# Exercise prompt
Only the lines below, from the one with "CAT.5e-Verlängerungskabel, 3,0 m, schwarz" through the one with "Lunar extraction with L-REX", are to be written out, exactly.

# Input
------------------------------------------------------------------------

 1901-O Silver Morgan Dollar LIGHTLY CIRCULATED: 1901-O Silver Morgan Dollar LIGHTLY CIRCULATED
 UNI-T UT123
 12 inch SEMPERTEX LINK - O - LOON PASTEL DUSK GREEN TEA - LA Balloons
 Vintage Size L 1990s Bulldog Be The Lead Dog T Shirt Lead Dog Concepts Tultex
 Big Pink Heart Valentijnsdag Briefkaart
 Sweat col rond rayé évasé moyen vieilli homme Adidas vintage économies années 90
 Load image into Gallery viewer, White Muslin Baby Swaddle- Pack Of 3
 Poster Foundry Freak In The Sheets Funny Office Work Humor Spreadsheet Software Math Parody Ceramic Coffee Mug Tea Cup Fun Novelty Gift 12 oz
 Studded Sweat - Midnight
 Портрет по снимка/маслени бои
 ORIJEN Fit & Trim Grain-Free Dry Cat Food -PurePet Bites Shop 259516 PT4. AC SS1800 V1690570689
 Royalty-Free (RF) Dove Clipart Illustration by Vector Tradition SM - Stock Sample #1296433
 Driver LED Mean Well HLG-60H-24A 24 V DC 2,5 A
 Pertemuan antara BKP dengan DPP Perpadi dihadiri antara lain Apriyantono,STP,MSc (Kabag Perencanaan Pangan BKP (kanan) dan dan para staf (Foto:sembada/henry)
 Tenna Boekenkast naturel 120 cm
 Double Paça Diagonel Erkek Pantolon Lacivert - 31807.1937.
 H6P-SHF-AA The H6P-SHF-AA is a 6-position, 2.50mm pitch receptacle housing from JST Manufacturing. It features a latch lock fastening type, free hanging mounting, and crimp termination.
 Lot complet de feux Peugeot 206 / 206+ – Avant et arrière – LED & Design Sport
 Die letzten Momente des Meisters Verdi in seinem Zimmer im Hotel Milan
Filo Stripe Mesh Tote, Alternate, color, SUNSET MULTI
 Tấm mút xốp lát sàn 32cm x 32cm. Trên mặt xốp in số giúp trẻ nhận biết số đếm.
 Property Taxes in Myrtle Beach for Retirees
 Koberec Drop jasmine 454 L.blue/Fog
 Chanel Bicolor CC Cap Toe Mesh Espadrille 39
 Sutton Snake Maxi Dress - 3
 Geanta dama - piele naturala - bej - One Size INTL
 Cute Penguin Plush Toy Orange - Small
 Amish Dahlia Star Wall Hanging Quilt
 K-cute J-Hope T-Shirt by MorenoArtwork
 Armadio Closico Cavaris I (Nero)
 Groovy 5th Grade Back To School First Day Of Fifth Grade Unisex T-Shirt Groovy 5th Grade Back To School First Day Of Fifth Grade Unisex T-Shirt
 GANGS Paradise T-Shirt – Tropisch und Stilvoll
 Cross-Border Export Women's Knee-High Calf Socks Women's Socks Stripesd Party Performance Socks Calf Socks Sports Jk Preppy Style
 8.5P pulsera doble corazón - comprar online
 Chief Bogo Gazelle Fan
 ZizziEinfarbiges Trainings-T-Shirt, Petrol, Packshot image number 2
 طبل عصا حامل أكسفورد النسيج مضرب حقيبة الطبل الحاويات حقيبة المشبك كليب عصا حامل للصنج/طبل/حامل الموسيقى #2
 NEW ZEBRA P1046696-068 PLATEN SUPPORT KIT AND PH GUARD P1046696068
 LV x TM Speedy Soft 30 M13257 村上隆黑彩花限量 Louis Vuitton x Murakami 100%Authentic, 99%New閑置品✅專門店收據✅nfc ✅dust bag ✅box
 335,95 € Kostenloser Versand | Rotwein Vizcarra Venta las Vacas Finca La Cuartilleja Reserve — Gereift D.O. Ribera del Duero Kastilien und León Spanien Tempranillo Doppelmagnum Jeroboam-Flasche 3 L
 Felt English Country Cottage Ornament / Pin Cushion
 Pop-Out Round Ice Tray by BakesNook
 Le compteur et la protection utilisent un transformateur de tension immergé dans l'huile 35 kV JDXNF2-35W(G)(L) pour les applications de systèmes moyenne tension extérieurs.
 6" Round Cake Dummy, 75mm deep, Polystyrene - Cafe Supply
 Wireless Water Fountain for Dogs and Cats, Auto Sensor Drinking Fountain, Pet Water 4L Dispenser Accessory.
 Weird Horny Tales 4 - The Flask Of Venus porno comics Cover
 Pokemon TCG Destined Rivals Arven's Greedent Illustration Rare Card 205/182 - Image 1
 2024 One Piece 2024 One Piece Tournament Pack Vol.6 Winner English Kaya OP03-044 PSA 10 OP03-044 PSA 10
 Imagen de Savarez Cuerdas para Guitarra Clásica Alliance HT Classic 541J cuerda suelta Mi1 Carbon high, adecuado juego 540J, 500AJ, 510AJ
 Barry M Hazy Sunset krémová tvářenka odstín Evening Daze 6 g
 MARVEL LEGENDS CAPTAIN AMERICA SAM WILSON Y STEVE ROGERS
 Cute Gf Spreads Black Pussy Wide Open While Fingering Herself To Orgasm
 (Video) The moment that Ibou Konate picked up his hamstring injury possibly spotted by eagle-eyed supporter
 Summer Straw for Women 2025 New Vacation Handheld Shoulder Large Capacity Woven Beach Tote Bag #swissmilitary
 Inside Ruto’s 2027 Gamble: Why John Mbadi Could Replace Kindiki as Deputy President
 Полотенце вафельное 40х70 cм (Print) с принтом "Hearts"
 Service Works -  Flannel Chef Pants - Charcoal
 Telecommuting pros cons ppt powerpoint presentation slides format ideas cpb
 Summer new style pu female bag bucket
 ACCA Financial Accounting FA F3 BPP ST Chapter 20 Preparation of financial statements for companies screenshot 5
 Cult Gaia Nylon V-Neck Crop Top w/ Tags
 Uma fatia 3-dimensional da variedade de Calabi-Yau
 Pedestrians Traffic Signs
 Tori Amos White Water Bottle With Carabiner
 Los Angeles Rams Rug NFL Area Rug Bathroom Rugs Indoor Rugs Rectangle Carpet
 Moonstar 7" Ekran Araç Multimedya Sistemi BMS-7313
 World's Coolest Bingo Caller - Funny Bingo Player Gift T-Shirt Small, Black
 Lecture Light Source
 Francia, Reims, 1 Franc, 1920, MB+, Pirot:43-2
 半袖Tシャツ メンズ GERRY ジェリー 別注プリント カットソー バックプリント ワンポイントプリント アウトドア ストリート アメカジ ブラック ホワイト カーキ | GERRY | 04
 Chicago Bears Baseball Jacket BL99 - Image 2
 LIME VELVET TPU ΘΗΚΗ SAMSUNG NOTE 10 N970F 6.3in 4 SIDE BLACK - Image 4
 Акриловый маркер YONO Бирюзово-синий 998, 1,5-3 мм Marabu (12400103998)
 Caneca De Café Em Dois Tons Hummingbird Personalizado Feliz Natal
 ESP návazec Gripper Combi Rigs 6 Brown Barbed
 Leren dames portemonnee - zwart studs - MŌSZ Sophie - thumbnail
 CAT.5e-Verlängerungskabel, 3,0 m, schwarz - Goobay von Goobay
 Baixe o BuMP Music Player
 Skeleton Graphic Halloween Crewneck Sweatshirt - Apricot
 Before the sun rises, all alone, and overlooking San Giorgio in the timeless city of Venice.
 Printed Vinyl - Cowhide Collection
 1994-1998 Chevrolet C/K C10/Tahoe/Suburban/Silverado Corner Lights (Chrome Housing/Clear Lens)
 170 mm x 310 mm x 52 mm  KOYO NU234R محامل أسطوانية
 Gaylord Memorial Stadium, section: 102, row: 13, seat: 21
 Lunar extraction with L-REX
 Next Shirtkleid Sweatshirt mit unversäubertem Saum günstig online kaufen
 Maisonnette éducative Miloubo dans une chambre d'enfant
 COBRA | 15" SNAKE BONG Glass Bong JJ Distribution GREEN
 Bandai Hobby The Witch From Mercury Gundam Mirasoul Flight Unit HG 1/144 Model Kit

------------------------------------------------------------------------

# Response to this exercise
 CAT.5e-Verlängerungskabel, 3,0 m, schwarz - Goobay von Goobay
 Baixe o BuMP Music Player
 Skeleton Graphic Halloween Crewneck Sweatshirt - Apricot
 Before the sun rises, all alone, and overlooking San Giorgio in the timeless city of Venice.
 Printed Vinyl - Cowhide Collection
 1994-1998 Chevrolet C/K C10/Tahoe/Suburban/Silverado Corner Lights (Chrome Housing/Clear Lens)
 170 mm x 310 mm x 52 mm  KOYO NU234R محامل أسطوانية
 Gaylord Memorial Stadium, section: 102, row: 13, seat: 21
 Lunar extraction with L-REX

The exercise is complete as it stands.